How does salary work in South Africa? What should be included in a pay slip? In this article, we will explain everything you need to know about salary for your employees.
How is payroll calculated in South Africa?
Employees are required to receive payment at a minimum on a monthly basis, and the compensation can be delivered through various methods, including:
- Cash
- Cheques, money orders, or postal orders made out to the employee
- Electronic funds transfer (such as EFT or bank transfer).
The specific frequency of payment, whether weekly, fortnightly, or monthly, is typically outlined in awards, enterprise agreements, or registered agreements. In cases where the payment frequency is not explicitly stated, employees are still entitled to receive payments at least on a monthly basis.
You must pay employees money for their work; paying them in non-monetary forms, like goods (e.g., food), is not allowed.
Payroll options for companies
Employers in South Africa have several payroll processing options. These are some of the options:
- Engage an South African payroll processing company, where the employer retains the status of the employer of record, bearing the responsibility for compliance and taxation matters.
- Large companies may choose to handle payroll in-house, necessitating the setup of a subsidiary, business registration, and the hiring of a dedicated payroll team. This approach demands a comprehensive understanding of tax regulations, withholding, and other payroll-related requirements.
Gross and net salary
We often discuss salary in terms of gross and net.
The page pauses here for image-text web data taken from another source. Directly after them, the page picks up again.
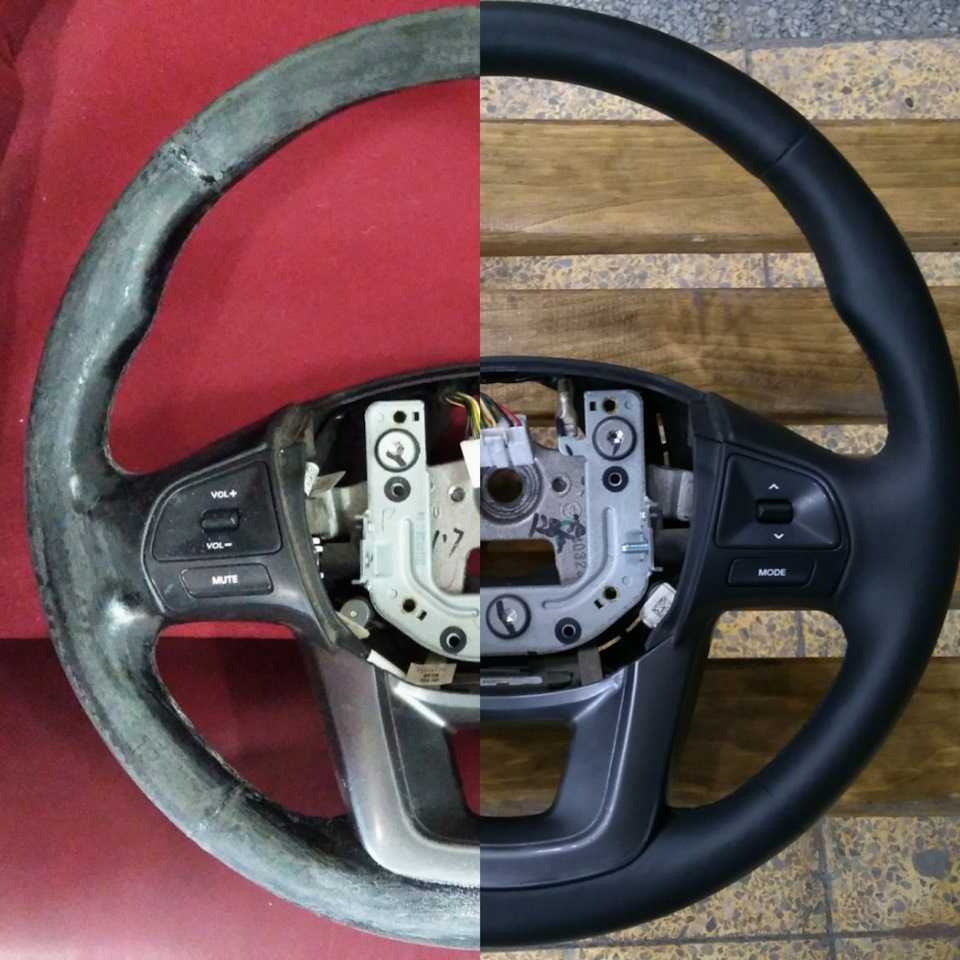 Как восстановить кожу на сидениях авто своими руками
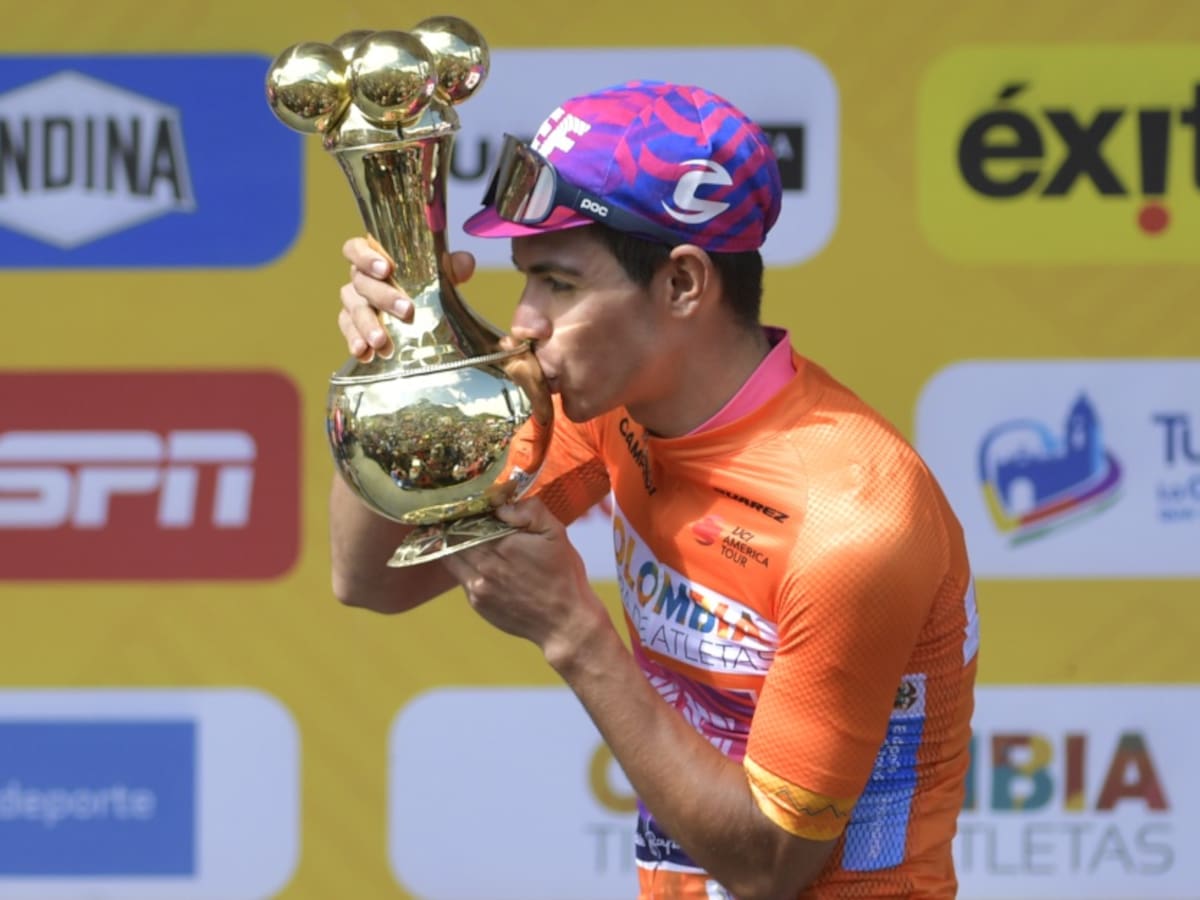 Sergio Higuita: "Sueño con correr por Colombia en los Olímpicos"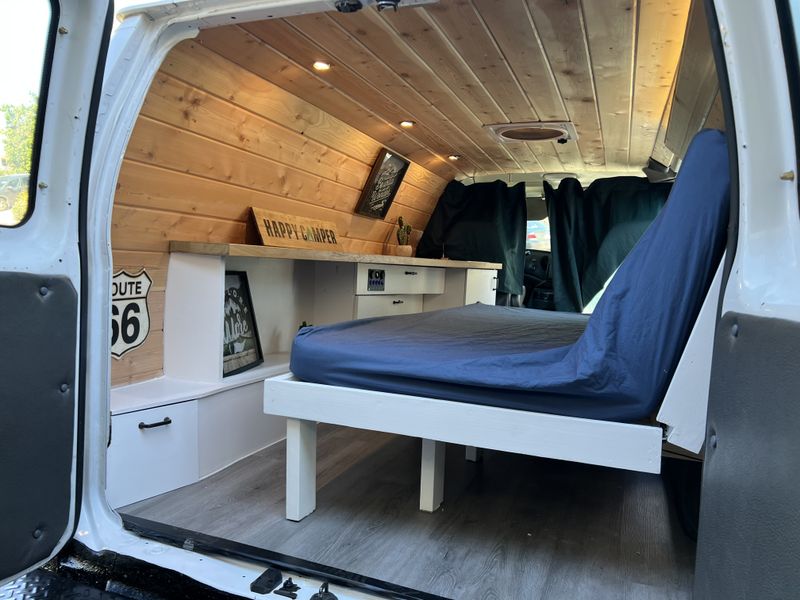 Picture 2/10 of a 2006 Ford E-250 Econoline Solar Off Grid Camper for sale in San Marcos, California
Let’s say you have an annual salary of 70 000 South African Rand. This salary is gross, meaning it’s the income before taxes. Net refers to the actual amount someone receives.
Gross signifies a value before any deductions, and gross salary is the amount someone earns before taxes and other deductions are subtracted. Annual and hourly wages specified in the employment contract are gross.
Net is the value after deductions. Net salary is what the employee receives in their account after the employer has deducted tax and any other deductions.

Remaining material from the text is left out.